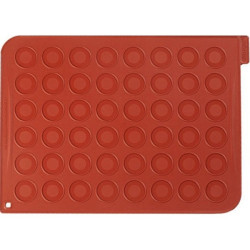 Tappeto in silicone per 24 macarons da 4 cm da Silikomart MAC01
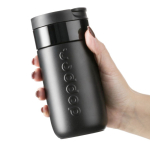 Edelstahl-Thermobecher mit Klappdeckel Dopper 300 ml farbe schwarz zweite Ansicht
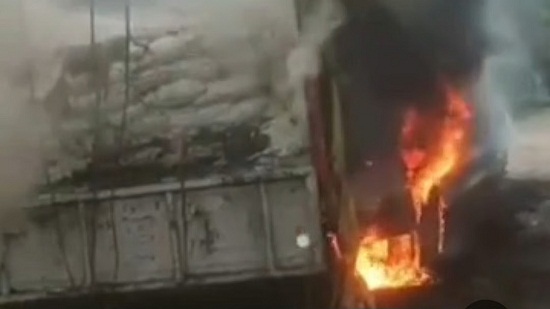 satna rampur baghelan truck fire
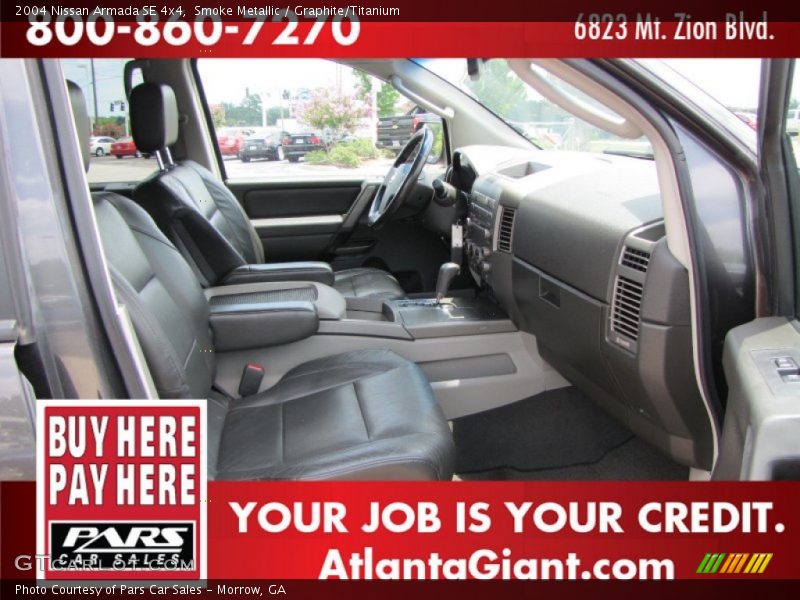Smoke Metallic / Graphite/Titanium 2004 Nissan Armada SE 4x4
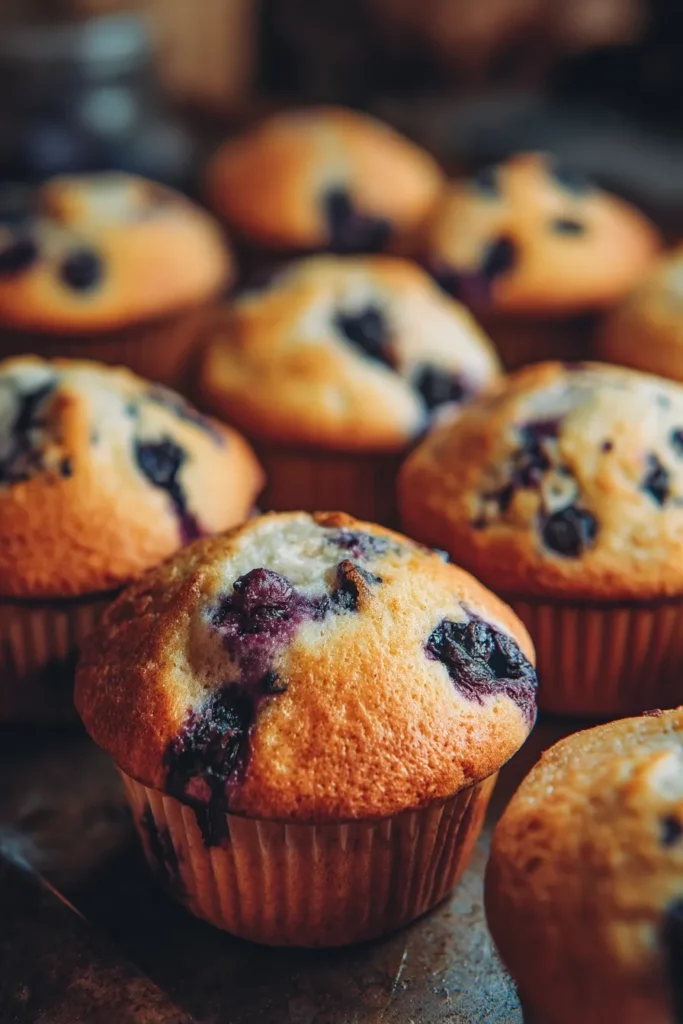 Homemade Blueberry Muffins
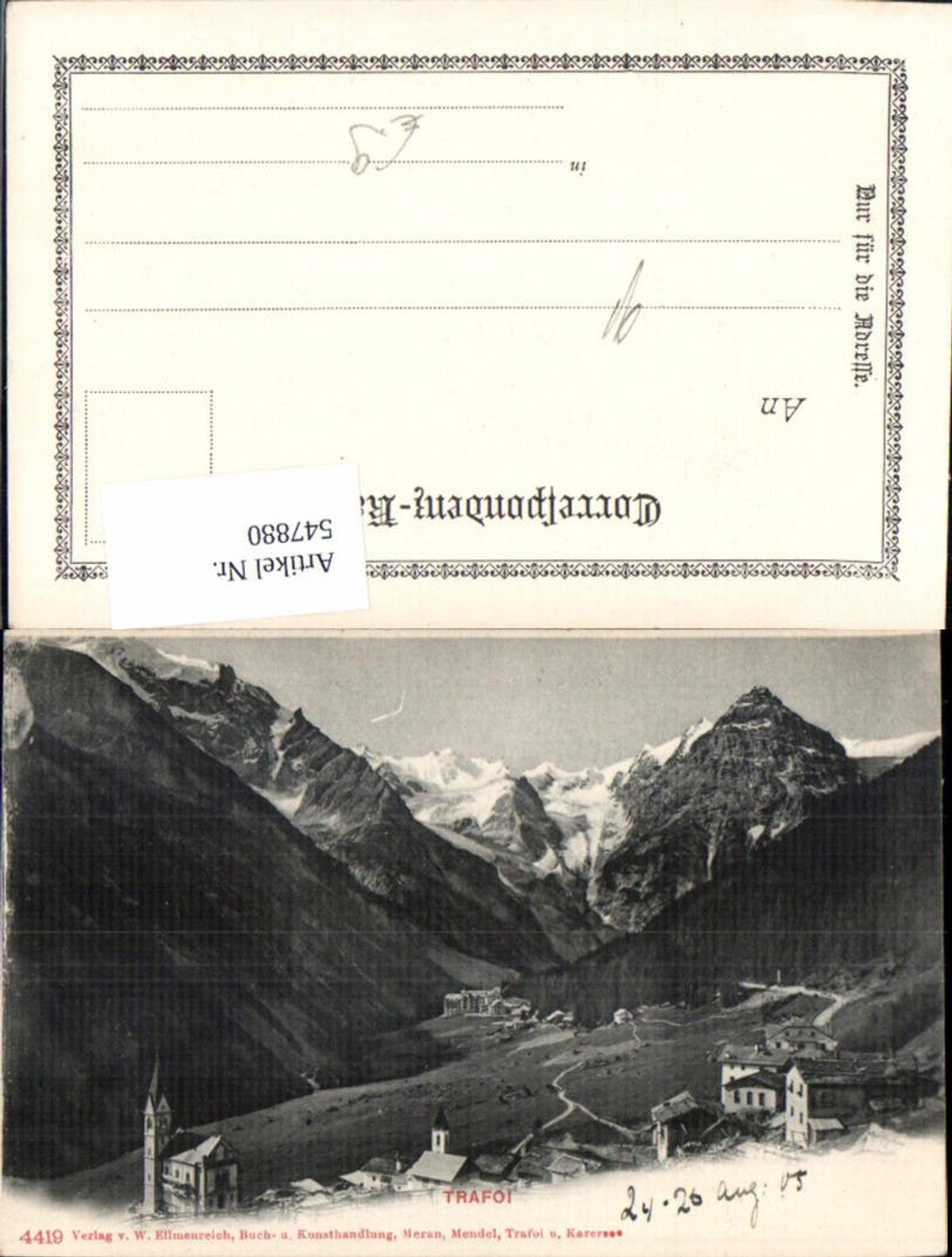 Alte Ansichtskarte – Old Postcard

Activity :: When an image appears in the data, skip it and output the rest exactly.

Output for this exercise ::
 Tappeto in silicone per 24 macarons da 4 cm da Silikomart MAC01
 Edelstahl-Thermobecher mit Klappdeckel Dopper 300 ml farbe schwarz zweite Ansicht
 satna rampur baghelan truck fire
Smoke Metallic / Graphite/Titanium 2004 Nissan Armada SE 4x4
 Homemade Blueberry Muffins
 Alte Ansichtskarte – Old Postcard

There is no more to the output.